I talked about this with my counselor this week, and she offered some similar advice, as you did, GG. She emphasizes a lot to me that I need to consider my own needs first, because only I can ultimately take care of me (duh). My tendency to put others before myself is something I have been working to correct, but I also don't want to be irrational or close-minded in this case. I don't want to keep my eyes shut to how I played a part in what happened with D, and keep them shut unnecessarily and make a hard limit about J's relationship with her.
Thank you, GG, so much again for providing insight into my situation. You really know how to break it down!! I need to take some inquiry/introspective time to really define my wants, needs, and limits.

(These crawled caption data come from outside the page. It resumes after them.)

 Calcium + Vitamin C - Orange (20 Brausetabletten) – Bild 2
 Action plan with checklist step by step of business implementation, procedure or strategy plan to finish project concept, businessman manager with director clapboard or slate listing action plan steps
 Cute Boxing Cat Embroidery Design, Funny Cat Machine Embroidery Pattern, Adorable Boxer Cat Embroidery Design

I am grateful because this conversation about D happened organically with J. This is not an urgent desire/request on his end. I feel like I have some time to really sort through my feelings before I lay everything on the table.
[I wrote everything above before going to bed last night. J ended up reading my first post, and then came and talked to me, saying that he had no idea how overwhelming it had been for me and that he doesn't even want to see D if it so overwhelming. He emphasized that a secondary relationship can only work for him if it does not throw us out of whack, and that it seemed like one with D definitely would. I told him that I hadn't yet talked with him about all of my feelings, because I wanted them clear in my own head before I tried to communicate them with him. I feel like at this point, even if J doesn't want to see D, it seems really important to me that I still define wants, needs, and limits for myself. I also still really need closure around what happened with this relationship. She pops up in my head pretty much every day still, and it causes me anxiety.]

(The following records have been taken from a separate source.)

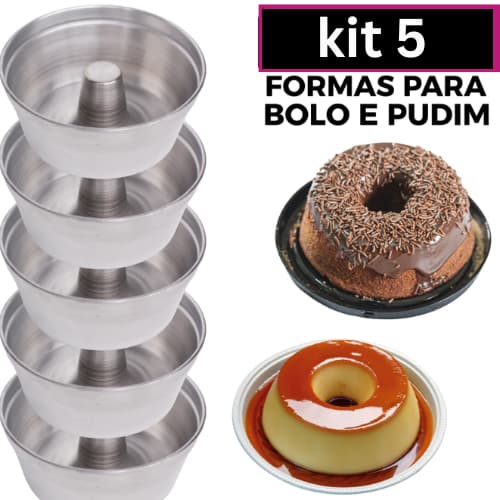 Forma de bolo pudim N12 kit com 5 redonda em alumínio com buraco no centro Kit 5 Forma De Bolo Pudim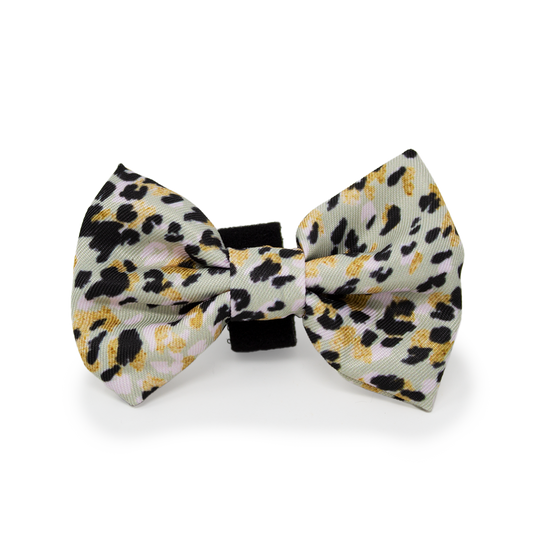 Sage Leopard Design Dog Bow Tie - The Bark Market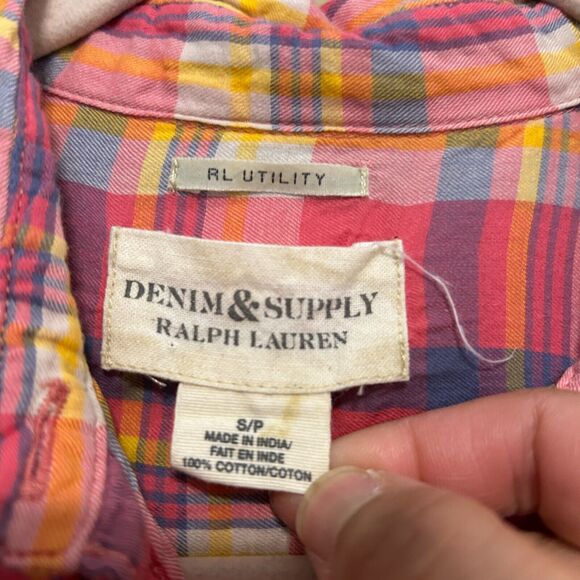 Denim & Supply Ralph Lauren RL Utility Button Up Shirt Womens Small Pink Plaid - Picture 5 of 5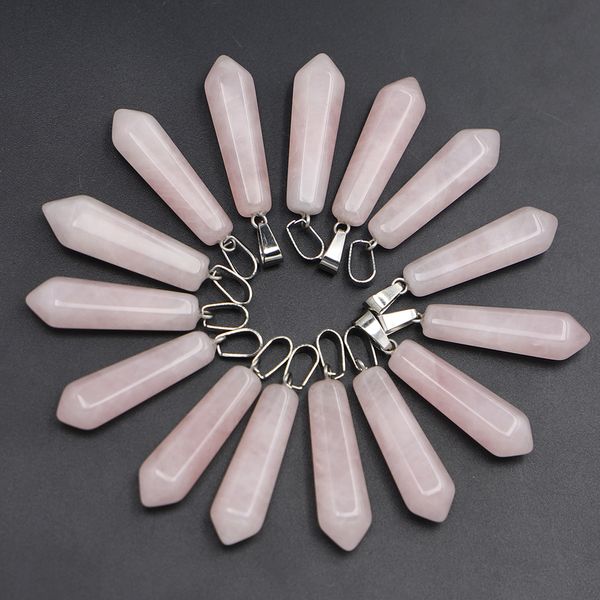 Quartz de rosa natural Stone hexagonal Prism Pillar Charms Point Chakra Pingents for Jewelry Making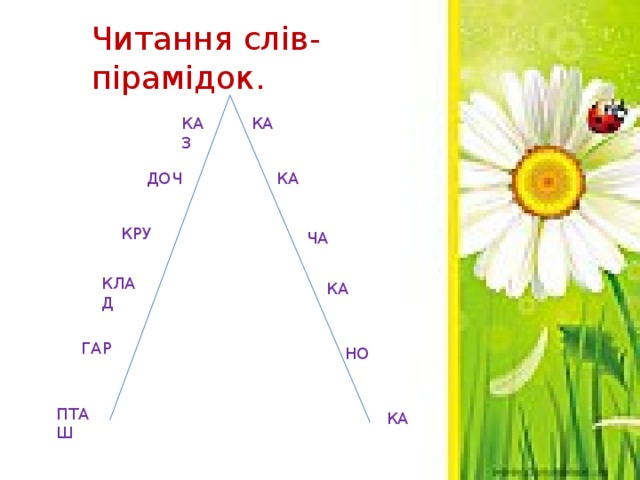 Читання слів-пірамідок. КАЗ КА ДОЧ КА КРУ ЧА КЛАД КА ГАР НО ПТАШ КА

Now on to the other two responses:
Anneintherain: Honestly, I feel like cheating is a really complex behavior. I haven't ever really judged D for what she did. It was the implications of that behavior, because for me, it spoke about her willingness to be trustworthy and honest with me, her new partner. She has since broke up with her BF (J found that out a while ago- maybe 4 or 5 months ago), but I don't know anything else about her life, including what kinds of partners she has had. I really appreciate that you shared your perspective and way that you would approach it. I have similar feelings.
Cleo: Wow, thank you for sharing. I think it is super impressive that you are able to make that kind of relationship work. I can't tell you how helpful it is to read a similar story where all of you make it work. Thank you.